Entretanto, Lojkine (1995) faz uma ponderação relevante que não deve ser desconsiderada, em que pese seus outros argumentos contrários a nosso foco de análise. Ele argumenta que não se trata de “uma simples substituição do material pelo imaterial (a inteligência)”, o que prevalece é a “nova interação entre material e imaterial, forças produtivas materiais e forças produtivas humanas” (LOJKINE, 1995, p. 258). Em sua interpretação o que ocorre é uma interpenetração das funções produtivas e as ditas improdutivas em que se processam novas relações entre produção material e serviços para atender as requisições dos mercados. São requisições que demandam a vinculação entre o trabalho na indústria, serviços, pesquisa cientifica articulando numa rede de relações o “produtivo e o “improdutivo”, indicando a emergência ou a substituição das formas de organização e prestação de serviços (COSTA, 1998; SOUZA, 1996).

Seguindo esta interpretação o argumento de Lojkine (1995) é válido para indicar que os serviços, mesmo que ele os indique como informacionais, não estão isolados na esfera do imaterial. Eles requisitam suportes físicos e/ou meios de consumo coletivos que não sendo produtivos – no sentido estrito – intervêm, e participam de modo significativo no crescimento e na produtividade global do trabalho. Esta lógica também perpassa outros argumentos levantados por seus

críticos, mas, as discordâncias parecem estar centradas no fundamento da interpretação que se segue.

Para Lojkine, esta interpenetração interfere nos modos de avaliação do trabalho produtivo e do trabalho improdutivo. Este argumento tem como base as formas de mensurar a produtividade dos serviços modernos e afirma que “justamente porque não produzem, por si mesmas, produtos materiais, mas os consomem, as atividades de serviços não podem ser submetidas ao mesmo critério de ‘produtividade’ das atividades produtivas” (LOJKINE, 1995, p. 274).
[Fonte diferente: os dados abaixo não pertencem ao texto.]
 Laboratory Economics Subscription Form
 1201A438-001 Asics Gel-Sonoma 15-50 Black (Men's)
Corroborando com esta mesma linha de análise estão as argumentações de Offe (1994; 1989) que também considera inviável avaliar o desempenho dos trabalhadores do setor serviços. Ele afirma que a racionalidade que orienta o trabalho nos serviços não é a mesma que prevalece no setor industrial, considerando que as atividades dos serviços fogem ao padrão industrial, caracterizadas como uniformizada, simplificada e indiferenciada (TEIXEIRA, 2008).
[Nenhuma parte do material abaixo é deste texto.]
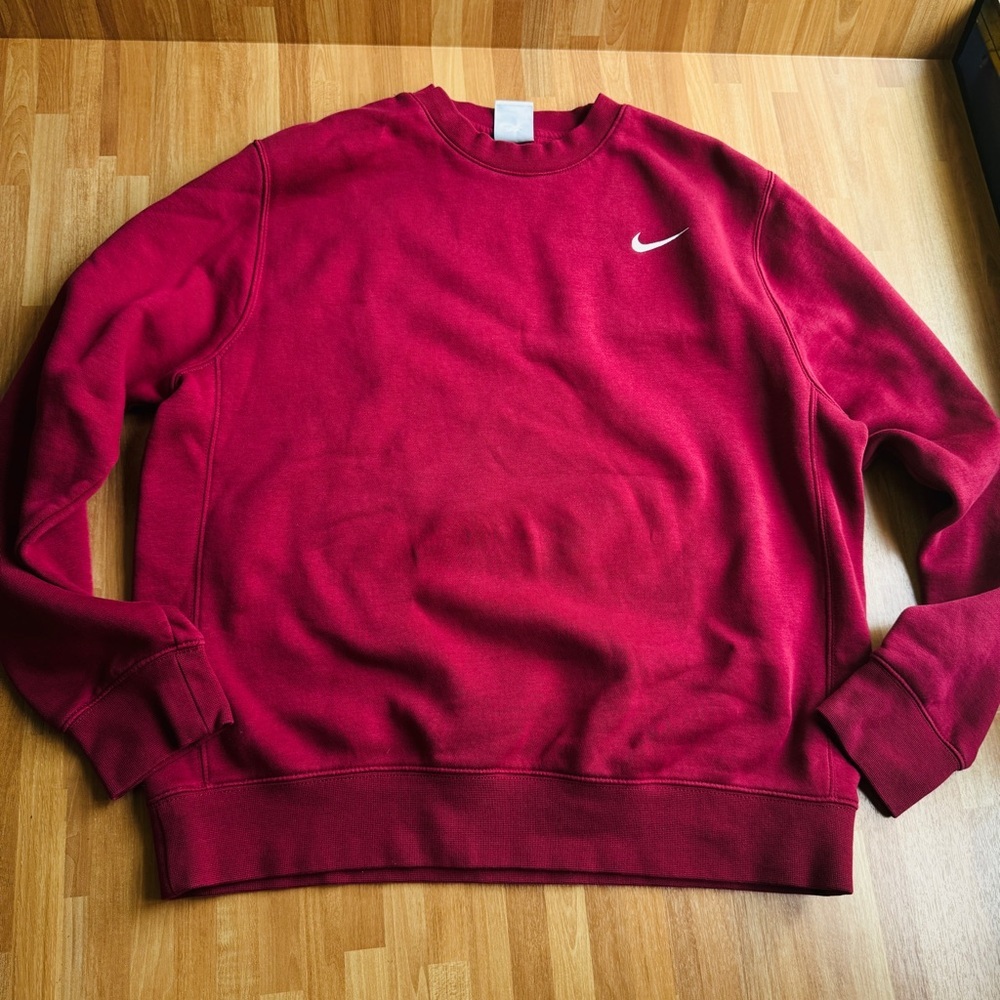 Nike unisex sweatshirt, burgundy size medium pullover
Teixeira (2008, p. 70) apresenta uma crítica a esses argumentos destacando que, “Hoje, mais do que nunca, o trabalho no setor de serviços é altamente padronizado, rotineiro e acima de tudo, uniformizado”. E enfatiza: “A eficiência e a produtividade dos trabalhadores empregados nesses setores da economia são, agora, mensuradas e avaliadas da mesma forma como acontece na indústria” (TEIXEIRA, 2008, p.72).

Podemos evidenciar uma apropriação inadequada, porque não dizer, equivocada da categorização distinta entre trabalho produtivo e trabalho improdutivo.

Ao relacionar o trabalho produtivo aos que produzem e o improdutivo aos que pensam, desconsidera-se que o caráter produtivo atribuído ao trabalho tem relação direta com sua inserção numa relação capitalista, que é a expressão do trabalho que gera mais-valia.